Molecule is a central concept in MLatom as most of operations are usually done on molecule class objects. This objects store the information about the constituents atom objects, their coordinates, and any property we want to learn or calculate. Molecules can be loaded and dumped in various formats.

Creating and loading molecule

A molecule object can be created from scratch. A very explicit way (not used in practice!) relecting how the molecule is actually constructed is the following:

mol = ml.molecule()
atom1 = ml.data.atom(atomic_number=1, xyz_coordinates=[0.0, 0.0, 0.0])
mol.atoms.append(atom1)
...

In practice, you can create the molecule using many useful functions. E.g., you can load it from SMILES string and the geometry will be generated and optimized with Pybel’s make3D() method:

mol = ml.molecule()
mol.read_from_smiles_string('CCCCCCC')
print(mol.xyz_coordinates)
...

In above example, you can see how to access the XYZ coordinates stored in a molecule object.

Very common way is to load the geometry from XYZ coordinates. There are several ways to do it. You can either provide XYZ coordinates as a string, read them from file or from numpy array:

mol = ml.molecule()
mol.read_from_xyz_string('''2

H 0 0 0
H 0 0 0.74
''')
# or
mol.read_from_xyz_file('h2.xyz')
# or
import numpy as np
xyz = np.array([[0, 0, 0], [0, 0, 0.7]])
mol.read_from_numpy(coordinates=xyz, species=np.array([1, 1]))
...

A small nuance is that if you remove read_ from above methods, you can directly get the molecule object, i.e., compare:

mol = ml.molecule()
mol.read_from_xyz_file('h2.xyz')
# or
mol = ml.molecule.from_xyz_file('h2.xyz')

# also works:
mol = ml.molecule.from_smiles_string('CCCCCCC')
mol = ml.molecule.from_numpy(coordinates=xyz, species=np.array([1, 1]))

Also, you can read XYZ files in different formats.

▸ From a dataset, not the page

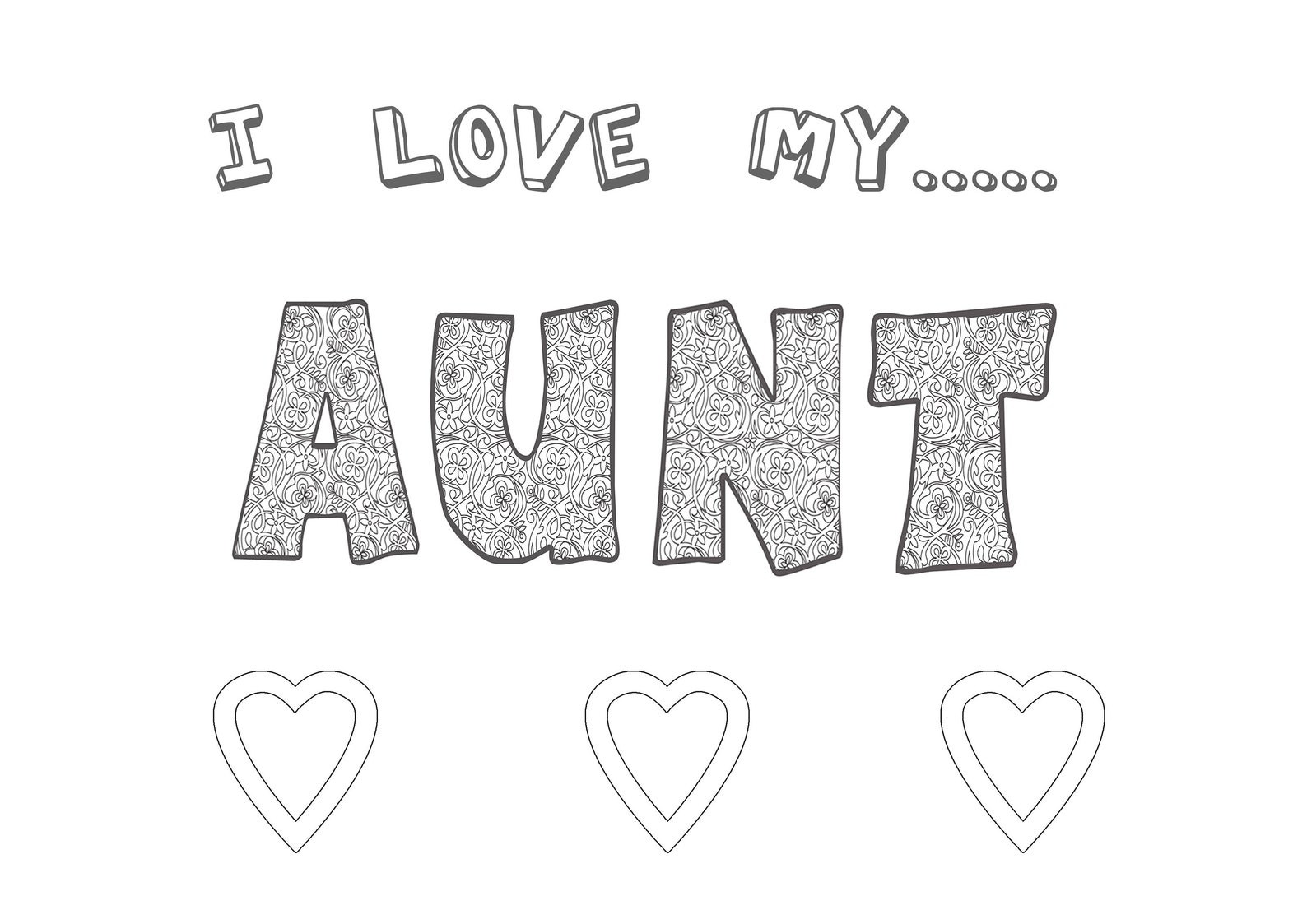 FREE Coloring Page I Love You Aunt Printable Wall Art Print Etsy FREE Coloring Page I Love You Aunt Printable Wall Art Print Etsy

The default one is:

  • first line: number of atoms

  • second line: blank or comments

  • following lines: element symbol or atomic number followed by x, y, z coordinates in Angstrom

MLatom also supports reading XYZ files in Columbus, Newton-X, and Turbomole formats, just add format, e.g., as mol = ml.molecule.from_xyz_file('h2.xyz', format='Newton-X').

Dumping and loading

Ultimately, molecule is a data format. Hence, it is convenient to dump and load it as such, e.g., in json format:

mol.dump(filename='h2.json')
mol2.load(filename='h2.json')
print(mol, mol2)

You can also save the coordinates in text file:

mol.write_file_with_xyz_coordinates('h2.xyz')

or load the molecule from Gaussian output file and dump it later:

mol = ml.molecule.load('gaussian_output_file.log', format='gaussian')
mol.dump('parsed_molecule.json', format='json')

Properties

You can access, modify, and add different properties.

Some of the most common examples are charge and multiplicity:

mol.charge = 1
mol.multiplicity = 2

We have already saw how to access xyz coordinates. In the same way, we can access other properties (if they are availble, of course…), e.g.:

# examples of accessing properties
xyz = mol.xyz_coordinates
print(mol.energy)
print(mol.energy_gradients)
mol.hessian
# modifying properties
mol.energy = 3.00
mol.energy_gradients = np.array(...)

A bit more complicated are properties corresponding to different electronic states (see a dedicated tutorial on excited-state data format). They are stored in molecule.electronic_states which is a list of molecule objects themselves, corresponding to each state (note that by default this list is empty – it is only filled either after the excited-state calculations or by the user). This allows to access a property of any state the same way as accessing a property of a ‘normal’ molecule object. For example:

# let's get S1 state
S1 = mol.electronic_states[1]
print(f'Energy of S1 state is {S1.energy}')
print(f'Its forces are')
print(-S1.energy_gradients)
print(f'checking multiplicity: {S1.multiplicity}')

Other useful methods

Above overview is just to explain the key features when dealing with molcules. There is much more to it, which you can check out in the manual:

  • getting xyz string for printing it

  • calculating and rescaling kinetic energy

  • getting internuclear distances (for a pair and all pairs of atoms)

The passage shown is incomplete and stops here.